John Norris Burke

Everyone in town knew him as Cubby, the man with the safety vest who propelled himself with his walker to the library, but his real name was John Norris Burke.

Cubby Burke, who died recently at the age of 96, was born in Montreal on May 14, 1920, part of that other baby boom, the one that followed the First World War. He went to Loyola High School and then Loyola College, but enlisted in the Royal Canadian Air Force before graduating.

During the war he was in Coastal Command patrolling the coast of England along with France, Spain and Portugal. He was a radio operator and tail gunner in a four engine B-24, a very dangerous place to be, with a survival rate of about 50%. Before deciding where to serve he flipped a coin with a friend who took the other assignment. That friend did not survive.

Mr. Burke took the Queen Mary, then a troopship, home in December of 1944. By chance he ran into his father at the train station and it was an emotional reunion. After the war Cubby returned to university, this time McGill, where he earned a degree in Commerce. A naturally friendly, outgoing man he worked in sales, mostly for pharmaceutical companies.
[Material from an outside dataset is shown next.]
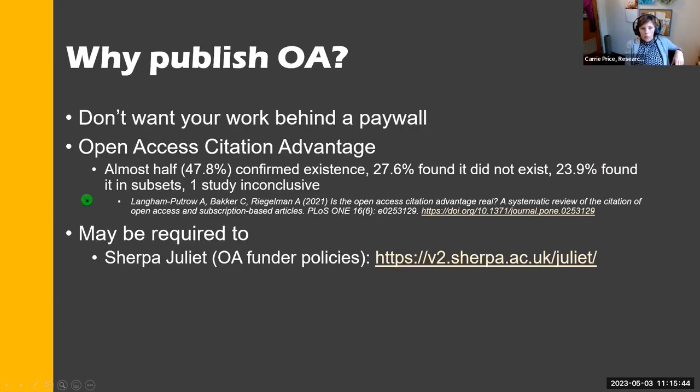Why publish open access? You want your research to be findable by others in your field and citable. There's a citation advantage — a study by Langham-Putro, Backer, and Regalman found that 47.8% of studies showed an open access citation advantage exists. If your work is open access, it's more likely to be cited because people can find it and use it without a paywall.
He looked as if he might stay a lifelong bachelor, but in 1975 he married Angeline Rose Roy.

“Norris and “grand-mere” enjoyed golf, cross-country skiing, and traveling. I can remember Norris recalling a golf trip the two took to California playing courses on Pebble Beach,” recalled Tom Hango, his stepgrandson who is a Vermont state trooper living close to the border.

After his wife died in 1995, Mr. Burke lived in Pointe-Claire for a few years before moving to Knowlton about a dozen years ago, in part to be close to his family in Vermont. He soon became a well-known figure about town. He was a voracious reader and a big user of the library. He was mentally sharp until his death in February.